First off, I promise that David is going to do his share of Thing-blogging when we get back home to Lubbock. Dave's blog is set up on our desktop compy back home, so I am the designated travel writer in the meantime. Secondly, I just have to say that I am related to some very cool people.
Thirdly, as I was typing the title to this blog post, I felt weird in the moment I was typing "in Yahtzee," because without those crucial two words it becomes a much more macabre post. This reminded me that the best quotation of the dinner party evening was when we were discussing the cooking of meat, and Jon said, "I wonder how one would cook the most dangerous game—man," and David responded with, "The most dangerous game requires the most dangerous spices," and we all applauded this pithy statement.
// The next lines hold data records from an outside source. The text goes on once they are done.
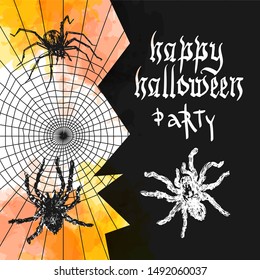 Helloween design concept with spider. Hand drawn style picture. Good for halloween party design.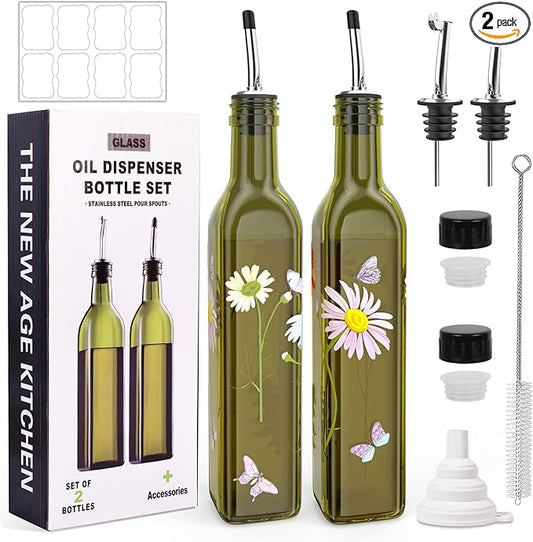 COOLMI Oil and Vinegar Dispenser Set - 17oz/500ML Premium Glass Olive Oil Dispenser Bottles for Kitchen, Oil Dispenser for Kitchen(Daisy)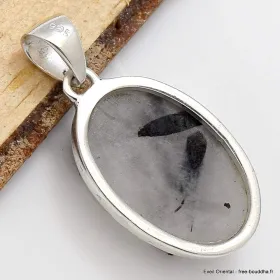 Pendentif Tourmaline noire sur Quartz blanc ovale - Pendentifs pierres naturelles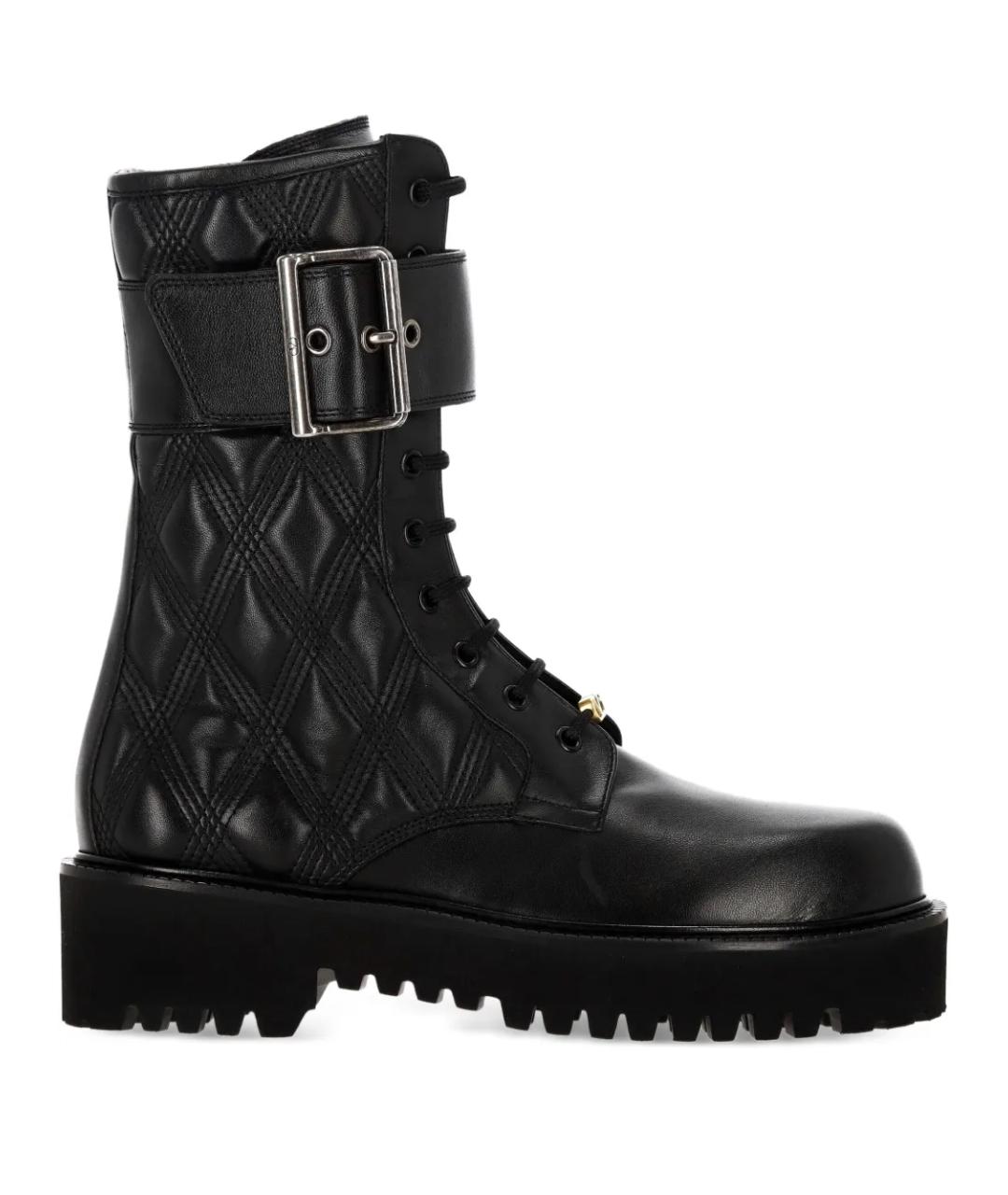 VALENTINO Черные кожаные ботинки, фото 1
We decided that the most dangerous spices must be a combination of star of anise, coriander, and maybe saffron. No one mentioned any chili spices—perhaps they were too obvious?
ANYWAY......
Jon and Whittney got married this past January, and it was our very awesome pleasure to have a couples' dinner with them tonight (Hollie stayed home and played with Grandma and Aunt Mary, where she was all kinds of trouble I'm sure, though no one will ever admit it). Jon is a professional chef and baker and Whittney isn't too shabby in the kitchen herself, so we ate like royalty (place settings and multiple courses and the whole get-up—and then they apologized for just giving us a "regular" dinner!).
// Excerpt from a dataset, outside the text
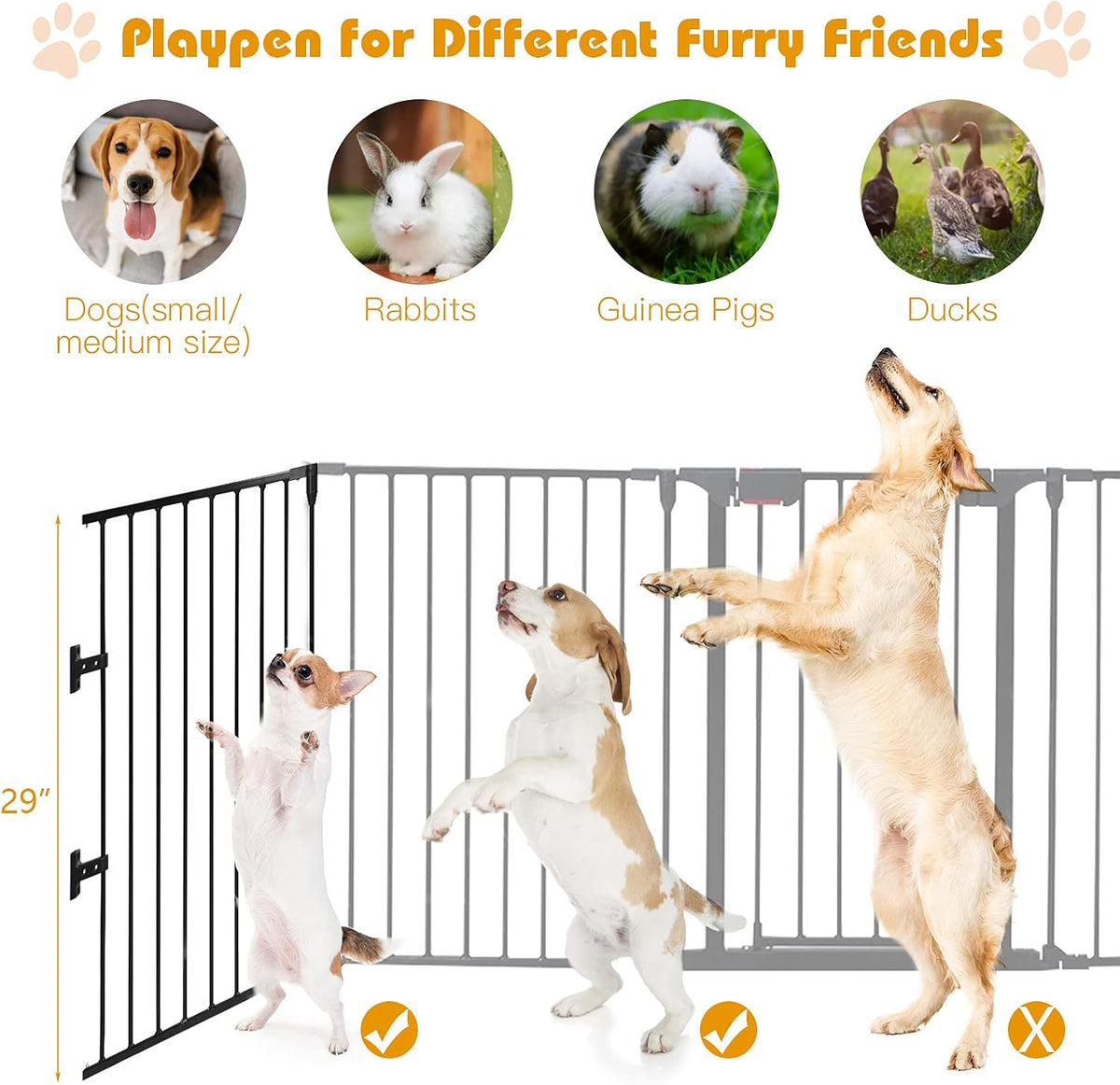 petsite 121" extra wide pet gate & playpen showing dimensions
It was fun to reminisce about my and David's own first apartment (Jon and Whittney's is much fancier than ours was), and we chatted about small kitchens, the complications about deciding how to fill wall space, purchase furnishings, and split bookshelves. Dave and I will celebrate our fourth anniversary this August, which still really makes us look like newbies ourselves, but we felt somewhat seasoned as we reflected on how far we've come since our own first stabs at keeping a house together. It was cute to see all of Jon's books on side of the reading nook and all of Whittney's books on the other side. There are some books at home that Dave and I have trouble remembering whose books they originally were—is this copy of Robert Louis Stevenson's Kidnapped yours or mine, originally? Where did we ever pick up this Willa Cather? You thought it was mine? I thought it was yours! etc. Perhaps this just comes from two English majors marrying each other, but I have my suspicions that other married couples know what I mean.
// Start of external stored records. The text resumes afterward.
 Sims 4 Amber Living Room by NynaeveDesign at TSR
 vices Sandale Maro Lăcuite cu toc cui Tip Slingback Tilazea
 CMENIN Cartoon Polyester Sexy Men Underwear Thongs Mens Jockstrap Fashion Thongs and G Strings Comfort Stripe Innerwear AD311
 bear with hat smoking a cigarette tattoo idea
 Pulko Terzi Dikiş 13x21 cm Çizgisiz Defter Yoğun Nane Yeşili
After dinner, we played a quick round of Yahtzee before needing to get back to the other side of Houston to put our baby to bed. I can't emphasize enough how much I stink at Yahtzee 85% of the time. There is a Grover family rule that every person who gets a Yahtzee must immediately do a victory dance. Each subsequent Yahtzee-getter must add onto the previous Yahtzee-getters' victory dances as part of their own celebration. Playing with several of David's siblings sometimes means having to memorize five or six Yahtzee victory dances by the end of the game. I spent the first couple of years of marriage being generally relieved that I never get Yahtzees.
But tonight, I got two, and the rest of those sorry souls didn't get any. Jon said my victory dances reminded him of Bowie and Jagger's "Dancing in the Street" music video, which I took to be a great compliment (and which he meant to be a great compliment, which is part of why I know I'm related to great people). My final score was 411 points, which is a huge win for me—an unheard of win.
I should also mention the other Grover family Yahtzee rule, which is that each person must give themselves a last name on their score card that represents a celebrity crush (fictional or nonfictional). Tonight we were Jon Deschanel, Whittney Kirk (in honor of Shatner), David Ripley (in honor of Sigourney), and Emily Fiennes (in honor of Ralph, circa Quiz Show—pre-Voldemort).
It goes without saying that I will play by Emily Fiennes again in the future, to see if my luck still holds with that handsome old British fox. (P.S. His full name is Ralph—pronounced more like "Rafe"—Nathaniel Twisleton Wykeham Fiennes. Twisleton! It's incredible. That handsome old British fox.)
Thing #7: Eat Dinner with Awesome Newlyweds and then Beat the Pants off of Them in Yahtzee = ACCOMPLISHED.